Chi potrebbe dire mai che in questa storia il cattivo sono io, dice a un certo punto la protagonista del sorprendente Otello messo in scena da Andrea Baracco con un cast tutto femminile (prodotto dallo Stabile dell’Umbria con il contributo della Fondazione Cucinelli). Non aveva forse messo in guardia il suo comandante? “Guardatevi dalla gelosia, mio signore. È un mostro dagli occhi verdi che si diverte a giocare con il cibo di cui si nutre”.
Non è la prima volta che la protagonista, l’onesto Iago di Federica Fracassi, esce dal testo di Shakespeare per guidare lo sguardo dello spettatore fuori dai meandri più scontati. Se togli a Otello la malvagità di Iago cosa resta? Bisogna dirlo subito.

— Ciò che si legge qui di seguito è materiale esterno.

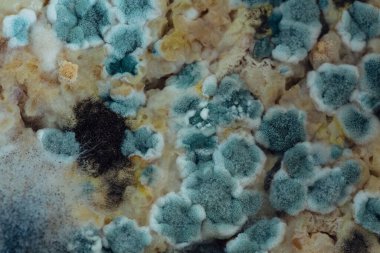 Petri kabında küf büyüyor. Yakın plan..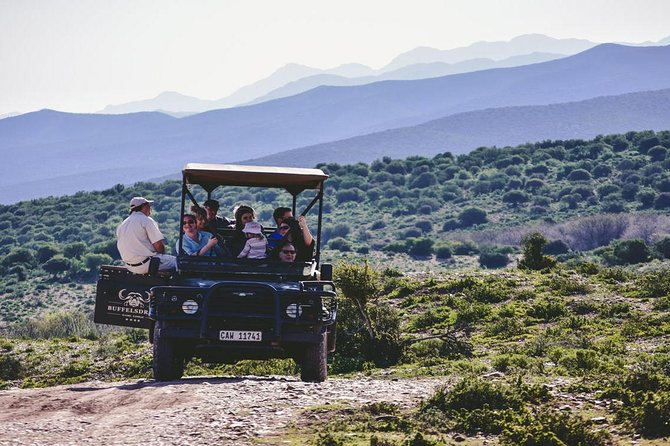 2 Day South African Wildlife Tour with 4x4 Safari from Cape Town - The optional elephant observation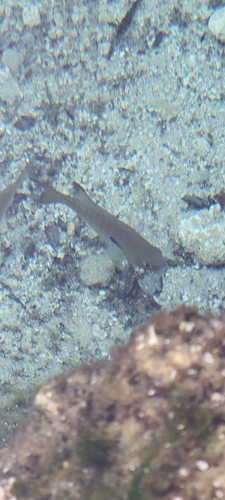 Lepomis auritus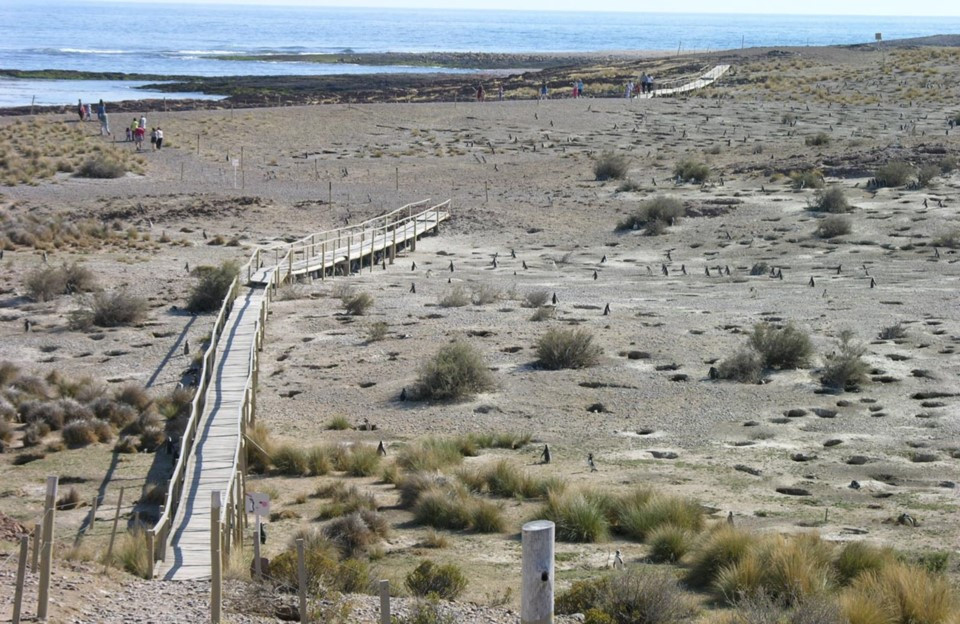 Área Natural Protegida Cabo Dos Bahías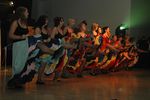 HLF Ball 2007 'Moulin Rouge' 2315052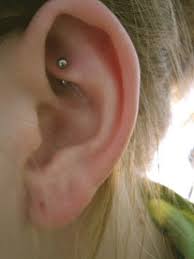 Small Rook Barbell Rook Piercing Cute Piercings Ear Piercings Rook
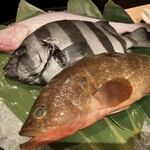 泉岳寺門前 紋屋 - 富山地魚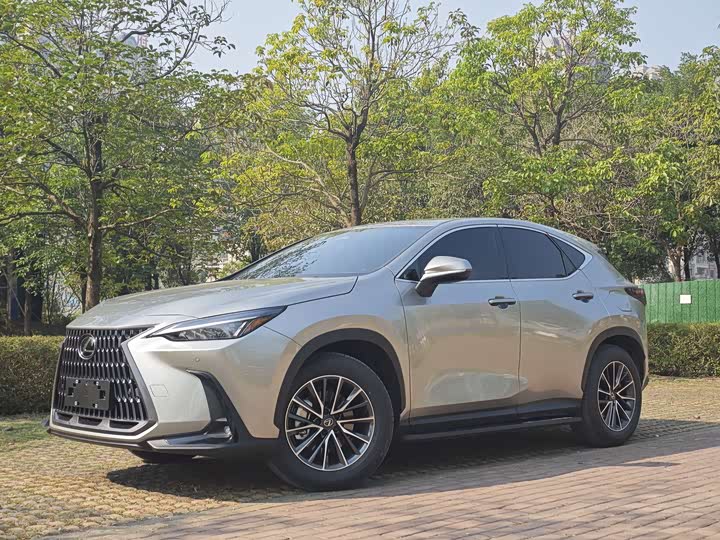 Фото 1 - Lexus NX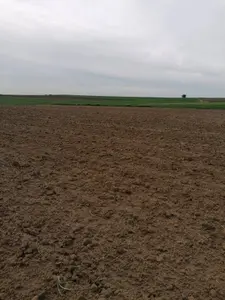 https://cdn.ilanlar.com/images/l1/l2/{width}/{height}/30013471_1784111553504489684.jpg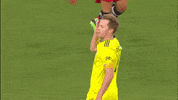 Mls Soccer GIF by Nashville SC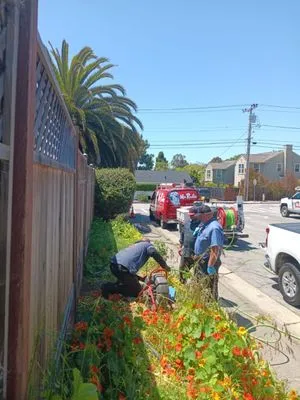 Mr. Rooter Plumbing of Santa Cruz Logo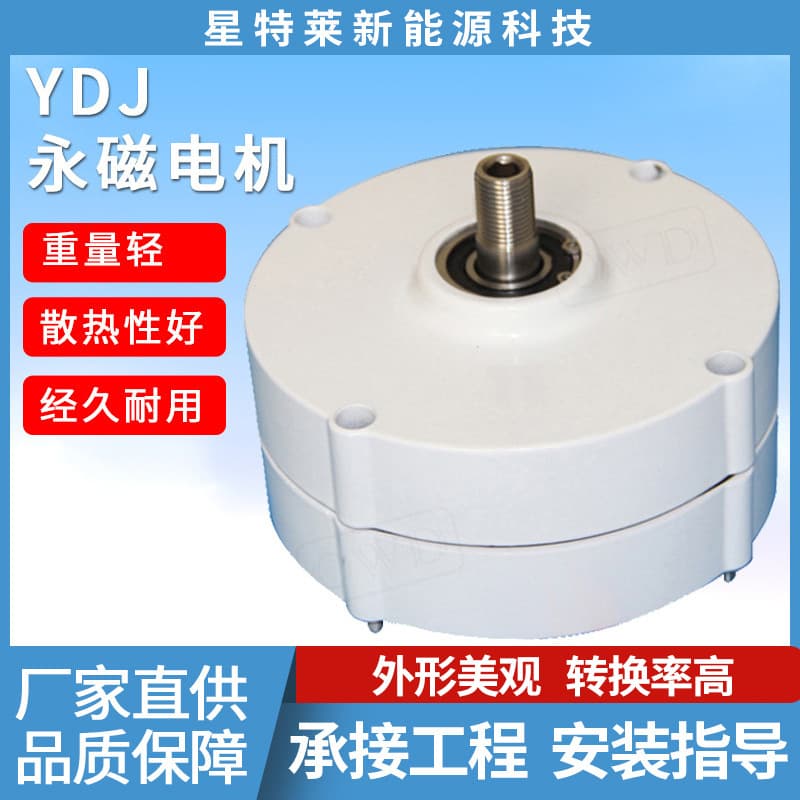 Permanent Magnet Generator Three-Phase AC Synchronous Motor Low Noise Rare Earth Permanent Magnet Generator Smooth Operation Manufacturer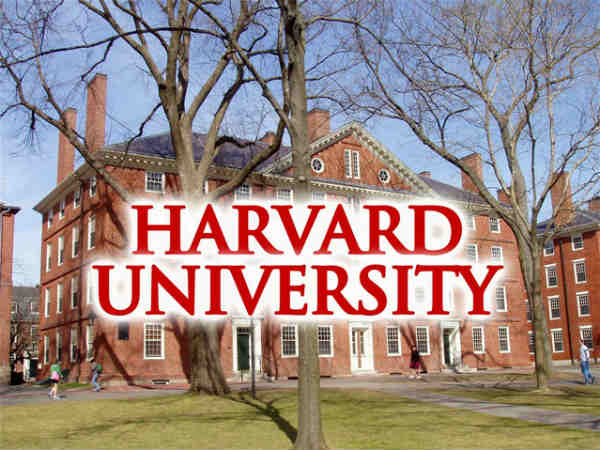 harward university harward university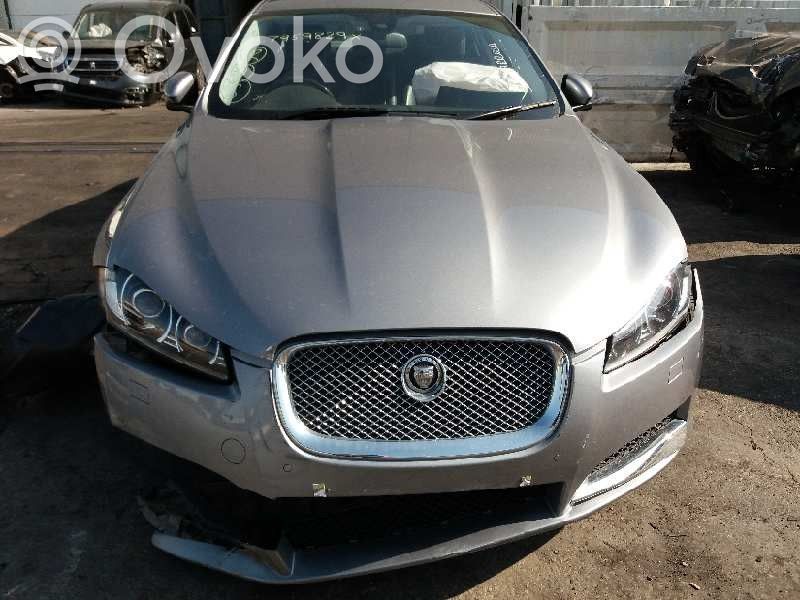 XF X250 XF  C2P20114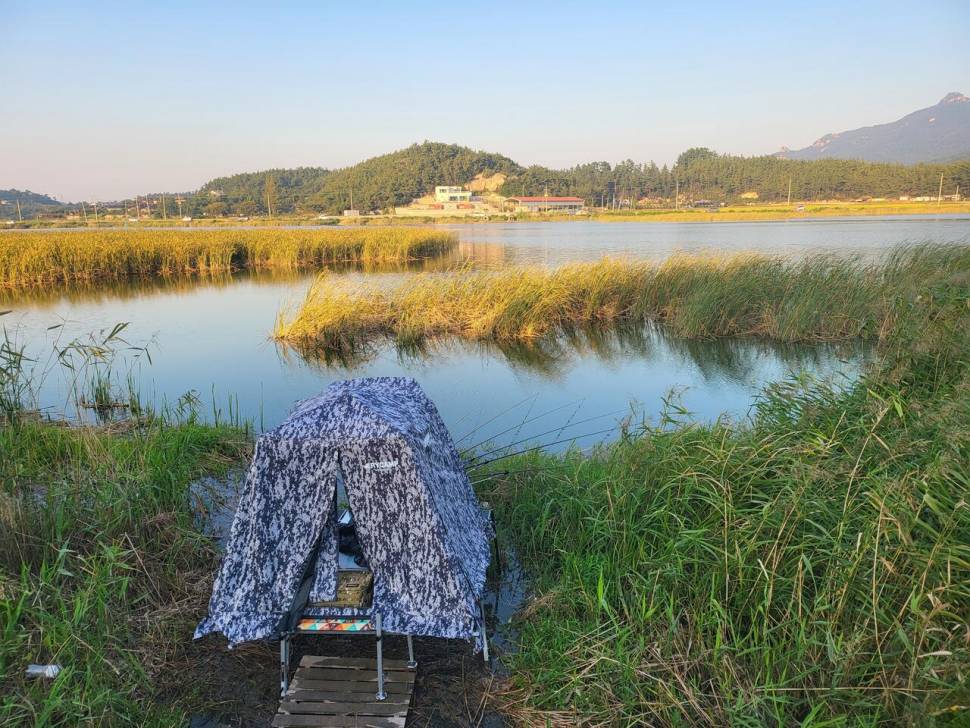 향수낚시대 등 낚시용품 (중고장터 - 팝니다)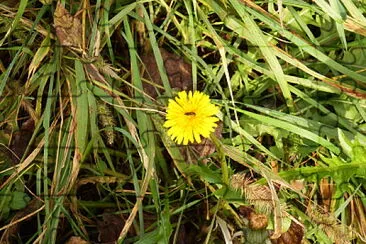 ape sul fiore jigsaw puzzle
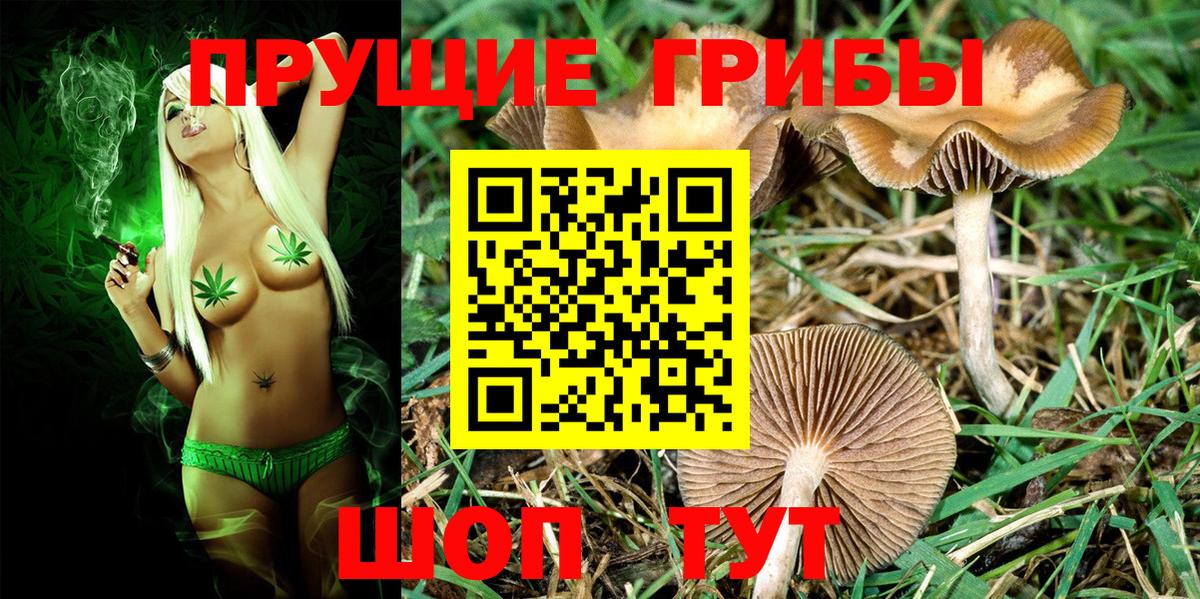 Балахна  Псилоцибиновые грибы MAGIC MUSHROOMS  где купить наркотик  Вход с VPN 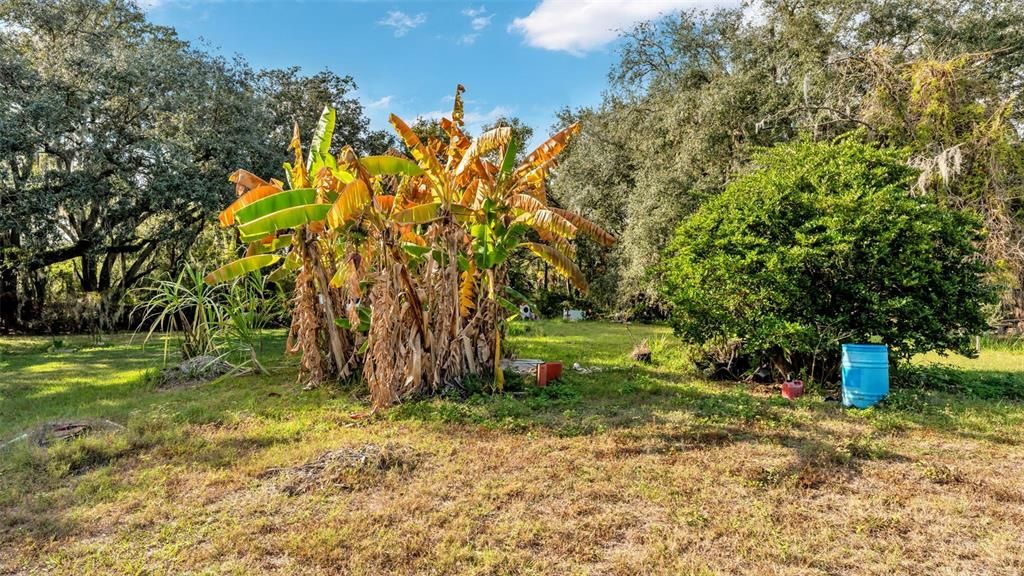 For Sale: $275,000 (0.60 acres)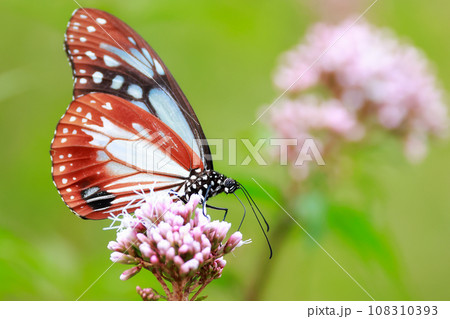 アサギマダラ 108310393
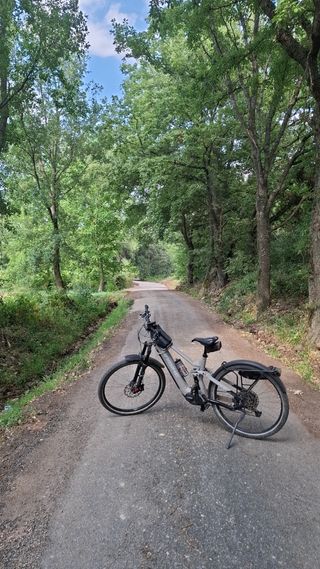 Bicicleta eléctrica Haibike FS10 Talla L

Un Otello “ben fatto”, con tutte le sue cosine che ci sono sempre, sicché quando compare in scena un personaggio si sa già in quale categoria collocarlo, francamente ci sarebbe interessato poco (dopo Carmelo Bene, dopo soprattutto Eimuntas Nekrosius…) L’Otello di Baracco ha un pensiero e poi è anche divertente, cioè capace di trascinare lo spettatore dentro il suo gioco scenico, senza paura di sporcare il teatro di Shakespeare, che per parte sua sapeva benissimo come farlo. Come dovrebbe fare sempre il teatro.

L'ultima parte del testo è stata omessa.